After all, we’re only $10 trillion dollars in the hole, with another $10 trillion pledged over the last four months alone to help us avoid an “economic Pearl Harbor.”

If money grows on trees, as our leaders evidently believe that it does, why not blow billions more of it on a program that’s not only failing its mission, but doing something government shouldn’t even be doing in the first place.

Since its inception, SCHIP has been a case study in everything that’s wrong with government – another example of feel-good rhetoric and lofty promises paid for with your money, except the rhetoric never matches the reality and the promises are always too good to be true.

Although its proponents are quick to throw up pictures of starving inner city children, the fact is that SCHIP has insured millions of adults, and middle class families over the past decade.

In some cases, SCHIP recipients were earning 300% of the poverty level.

This was famously exposed in 2007, when Democrats selected a middle school student named Graeme Frost to deliver the rebuttal to President George W. Bush’s veto of SCHIP reauthorization, only to discover later that the boy attended a $20,000 a year school and his family lived in a 3,000 square foot home valued at over $400,000.

And who pays the most for SCHIP? A disproportionately high number of poor smokers – the very people the program is supposed to be serving.

And on top of that, a recent Heritage Foundation report recently showed that 22 million people will have to take up smoking in America over the next decade or else the program will go bankrupt.

How many of those people will be classified as low-income?

Then there’s the biggest fraud of them all – the fact that SCHIP is cannibalizing the private sector to the tune of 6 out of 10 beneficiary recipients.

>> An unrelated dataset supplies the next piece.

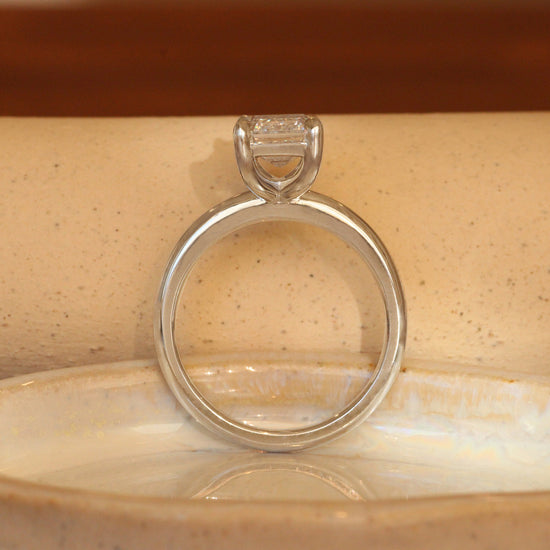 Lifestyle side profile view of Noble Ring Emerald Cut Lab Diamond 3.06ct by Goldpoint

That’s right, evidence shows that only 40% of SCHIP recipients are actually uninsured – a pretty amazing number when you stop and think about it.

Frankly, this defeats the whole purpose of the program, unless of course we want to start subsidizing this expense for people who can already afford it.

Not surprisingly, the 60% figure is higher than the government will admit, but not by much.

Even the Congressional Budget Office acknowledges that “for every 100 children who gain coverage as a result of SCHIP, there is a corresponding reduction in private coverage of between 25 and 50 children.”

Why is this relevant now?

Well, government simply can’t afford to continue unsustainably spending money on non-core functions, like providing health insurance to people who already have it.

Nor can it afford to bail out the states on SCHIP to the tune of tens of billions of dollars, which is what numerous governors are currently asking for.

Government must return to its core functions and get out of the business of subsidizing everything that comes along with a “for the children” sign on it.